What is the entry for share capital?
Stock issuances
| Debit | Cash or other item received | (shares issued x price paid per share) or market value of item received |
|---|---|---|
| Credit | Common (or Preferred) Stock | (shares issued x PAR value) |
| Credit | Paid in capital in excess of par value, common (or preferred) stock | (difference between value received and par value of stock) |
What is an authorized capital stock?
Authorized share capital—also known as “authorized stock,” “authorized shares,” or “authorized capital stock”—refers to the maximum number of shares a company is legally allowed to issue or offer based on its corporate charter. A company’s authorized share capital will not increase without shareholder approval.
What does it mean to increase authorized capital stock?
Capital stock is the number of shares that can ever be outstanding or held by shareholders. However, a company commonly has the right to increase the amount of stock it’s authorized to issue through approval by its board of directors.

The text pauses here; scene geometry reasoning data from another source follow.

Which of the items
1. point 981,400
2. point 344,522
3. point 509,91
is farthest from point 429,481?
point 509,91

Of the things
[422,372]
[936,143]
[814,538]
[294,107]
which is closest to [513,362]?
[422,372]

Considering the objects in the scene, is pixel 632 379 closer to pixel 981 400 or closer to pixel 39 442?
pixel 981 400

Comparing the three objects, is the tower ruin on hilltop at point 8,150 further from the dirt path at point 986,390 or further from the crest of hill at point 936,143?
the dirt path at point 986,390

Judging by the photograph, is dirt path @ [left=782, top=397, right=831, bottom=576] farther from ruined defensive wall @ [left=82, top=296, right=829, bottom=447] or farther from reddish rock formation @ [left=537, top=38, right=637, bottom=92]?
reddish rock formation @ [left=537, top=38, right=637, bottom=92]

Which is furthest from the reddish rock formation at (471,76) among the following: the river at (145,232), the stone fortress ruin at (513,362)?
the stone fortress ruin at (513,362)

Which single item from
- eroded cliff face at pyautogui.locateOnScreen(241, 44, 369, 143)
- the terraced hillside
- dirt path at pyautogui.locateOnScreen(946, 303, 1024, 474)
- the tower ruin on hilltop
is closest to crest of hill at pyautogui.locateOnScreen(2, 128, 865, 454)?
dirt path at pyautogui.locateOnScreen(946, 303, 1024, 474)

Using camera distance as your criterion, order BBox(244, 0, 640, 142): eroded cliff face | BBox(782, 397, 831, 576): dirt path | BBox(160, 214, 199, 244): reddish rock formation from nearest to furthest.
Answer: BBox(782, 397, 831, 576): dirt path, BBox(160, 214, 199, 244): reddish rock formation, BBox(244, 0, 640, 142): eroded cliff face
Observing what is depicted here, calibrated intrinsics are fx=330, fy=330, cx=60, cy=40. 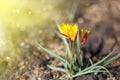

Is share capital a credit or debit?
When an investor pays a company for shares of its stock, the typical journal entry is for the company to debit the cash account for the amount of cash received and to credit the contributed capital account.
How do you show share application money on Balance Sheet?
In cases like this, until the shares are allotted, the amount received is shown under the Share Application Money Pending Allotment. It comes under the head of the Liabilities in the Balance Sheet, in correspondence to the Cash and equivalents on the Assets side.
How do I change my authorized capital stock?
Increase of Authorized Capital Stock
- Certificate of Increase of Capital Stock signed by majority of the directors and certified by Chairman and Corporate Secretary of the stockholders meeting.
- Treasurer’s Affidavit certifying the increase of capital stock, the amount subscribed and the amount received as payment thereto.
How can share capital be increased?
Share capital can be increased by issuing new shares, and by paying up issued shares in cash or in kind. Share premium can be brought into a company by a contribution in cash or in-kind on the existing shares of a company.
What is the difference between authorized capital and paid-up capital?
Authorized capital is the maximum value of the shares that a company is legally authorized to issue to the shareholders. Whereas, paid-up capital is the amount that is actually paid by the shareholders to the company. On the other hand, a company is not authorized to issue shares beyond the authorized share capital.